LES PARABOLES DU SEIGNEUR, par Dr. Wilbert Kreiss - index
LES MINES: Luc 19:11-27
Matthieu 25:14-30 offre une parabole semblable, appelée la parabole des talents. Avec une variante importante: chez Matthieu, l'homme de la parabole confie à ses serviteurs des talents et non des mines; et surtout, il leur confie des sommes différentes (5, 2 et 1), "à chacun selon sa capacité", tandis que chez Luc, le capital prêté à chacun est le même. Par ailleurs, les deux récits sont identiques. Sans doute est-il permis d'admettre que Jésus a raconté la parabole plusieurs fois, en la modifiant sur quelques points.
Un homme de haute naissance s'en alla dans un pays lointain:
Jésus est chez Zachée (Luc 19:1-10), en train de sauver un pécheur. Cela se passe à Jéricho, sur le chemin de Jérusalem. Les disciples, hantés par des rêves de grandeur et de gloire, semblent ne pas encore avoir compris qu'il y va pour souffrir et mourir et instaurer un règne invisible de grâce et d'amour. Ils croient que leur Maître s'y rend pour monter sur un trône et s'entourer de ministres prestigieux. Alors Jésus leur raconte cette parabole pour leur montrer que l'heure de la gloire n'est pas encore venue. L'homme de haute naissance, semblable aux rois de l'époque qui allaient se faire couronner à Rome, va dans un pays lointain pour se faire investir de l'autorité royale et n'est pas encore près de revenir. Ce n'est pas l'heure des faux rêves de gloire, mais celle du travail humble et fidèle. Il s'agit pour l'instant de retrousser les manches et de servir le Seigneur. La récompense et la gloire sont pour plus tard, et elles sont réservées aux fidèles. C'est ce que veut enseigner la parabole.
"De haute naissance". Qui l'est plus que Jésus de Nazareth, issu de sang royal (Luc 18:38.39), fils de David et Fils de Dieu (Jean 1:18)? De plus, son caractère est ce qu'il y a de plus noble, comme le montre du reste la parabole. Il va se faire investir de l'autorité royale. Au loin, et non pas dans ce monde, parmi ses serviteurs et ses ennemis. Allusion à l'ascension après la crucifixion, qui fut suivie de son intronisation.

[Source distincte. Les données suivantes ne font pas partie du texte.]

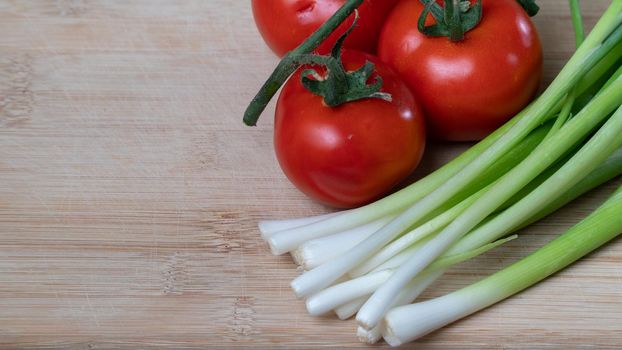 tomatoes on a branch and green onions, vegetables and greens on a wooden background. High quality photo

Dieu l'a couronné Roi de l'univers et de l'Eglise, pour avoir accompli sa mission. Il est parti pour un temps indéterminé, mais assez longtemps que pour ses serviteurs aient de quoi faire. Son retour sera la parousie pour le jugement (Matthieu 24:27; 25:31).
Il appela dix de ses serviteurs:
C'est un nombre symbolique. Cf. les dix commandements, les dix vierges de la parabole, et Genèse 31:7; Daniel 7:24. Le nombre exprime la plénitude. "Dix de ses serviteurs": cela ne veut pas dire que seuls certains des serviteurs du Christ aient une mission à accomplir, un travail à effectuer. Ces dix servent d'exemples pour tous les autres.

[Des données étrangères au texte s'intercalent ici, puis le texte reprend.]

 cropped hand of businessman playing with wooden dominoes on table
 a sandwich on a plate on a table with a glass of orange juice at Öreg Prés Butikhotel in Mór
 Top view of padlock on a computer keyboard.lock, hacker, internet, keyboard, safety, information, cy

L'homme de haute naissance confie à chacun une mine. A l'origine, les Juifs n'avaient pas de monnaie, mais payaient en pesant la quantité d'or, d'argent ou de cuivre correspondant à la valeur de leurs achats. D'où la difficulté pour évaluer avec précision les valeurs monétaires dont parle la Bible. La "mine" représentait plusieurs centaines de grammes d'or, d'argent ou de cuivre. S'il s'agit d'or, le capital est énorme. Un capital à la mesure de la fortune de ce noble. Dans la parabole parallèle de Matthieu, chaque serviteur reçoit un montant différent, image des talents et dons que le Seigneur accorde aux siens. Dans notre texte, au contraire, le montant est le même. A chacun est confié le même trésor. Il s'agit donc de la Parole de Dieu.
Faites-les valoir jusqu'à ce que je revienne:
Négociez-les, mettez-les en valeur, faites les fructifier. La Parole de Dieu est un capital qui ne doit pas sommeiller, quelque chose que le Christ confie à son Eglise pour qu'elle le multiplie. La mission de l'Eglise va de l'ascension jusqu'à la parousie, au retour du Christ. Celui-ci du reste reviendra quand l'Evangile aura été prêché à toutes les nations (Matthieu 24:24).
Concitoyens:
La parabole s'élargit. Ces gens sont distincts des dix serviteurs; ce sont les hommes, Juifs et païens, sur lesquels Jésus est censé régner. Ils sont distincts des apôtres, comme plus tard le monde se distinguera de l'Eglise chrétienne et de ses messagers et membres. Ils "haïssaient" celui qui allait devenir leur roi. Israël a haï Jésus, le plus noble des hommes et de surcroît son Messie, Fils de Dieu. Ils l'ont haï jusqu'à la mort, n'ont pas voulu de sa royauté. Rien n'a changé. Les hommes sur qui Jésus voudrait régner et qui devraient accepter avec joie sa royauté faite de bonté et de douceur, ne le veulent pas, le rejettent, refusent son autorité.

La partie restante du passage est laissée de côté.